Le contrôle de la conformité du TAEG dans un contrat de crédit n’est pas réservé aux spécialistes. Un recalcul attentif des éléments contractuels, comparé au taux annoncé, peut révéler des irrégularités auxquelles la loi attache des conséquences financières substantielles pour le prêteur. Les frais bancaires associés au crédit obéissent eux aussi à des plafonds qu’il est utile de connaître, et la clôture du compte support reste encadrée même en cas de contentieux sur le TAEG.

Questions fréquentes

01 Qu'est-ce que le TAEG et pourquoi est-il obligatoire ?

Le taux annuel effectif global intègre l'ensemble des frais liés au crédit (intérêts, dossier, assurance obligatoire, garanties). Son indication exacte est imposée par l'article L314-5 du Code de la consommation pour permettre la comparaison des offres.

02 Quelle est la sanction d'un TAEG erroné ou absent ?

La déchéance du droit aux intérêts pour le prêteur (article L341-4). En pratique, la stipulation d'intérêts contractuels est annulée et remplacée par le taux légal en vigueur, structurellement bien inférieur.

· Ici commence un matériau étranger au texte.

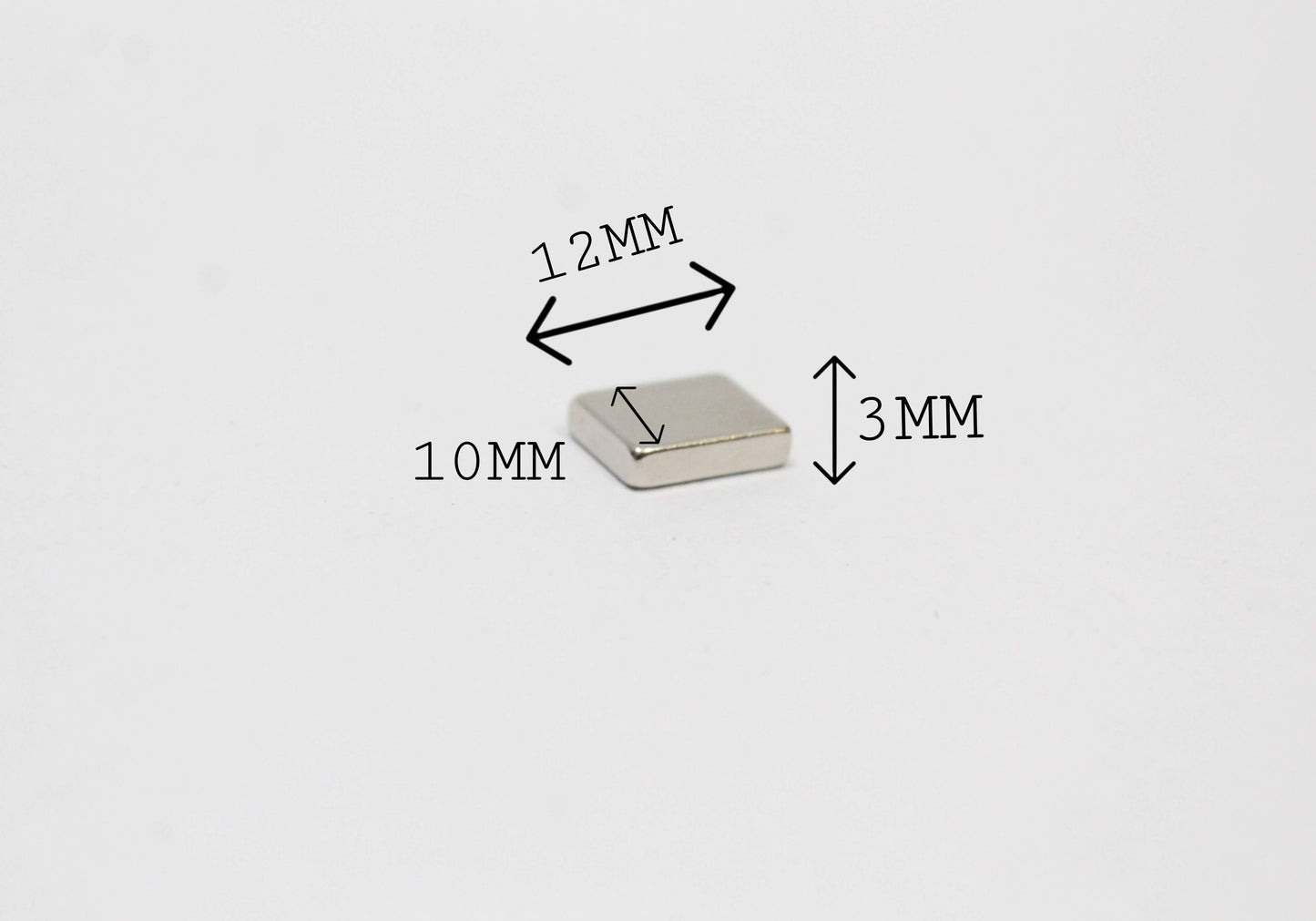 12 mm L x 10 mm B x 3 mm H Neodymium Magnet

03 Existe-t-il une tolérance d'erreur ?

La jurisprudence reconnaît qu'une erreur inférieure à une décimale de pourcentage n'est pas nécessairement sanctionnée. Au-delà, la déchéance s'applique sans que la bonne foi du prêteur puisse être utilement invoquée.

04 Quel est le délai pour agir ?

Cinq ans à compter du jour où l'emprunteur a connu ou aurait dû connaître l'irrégularité, en application de la prescription quinquennale de l'article 2224 du Code civil.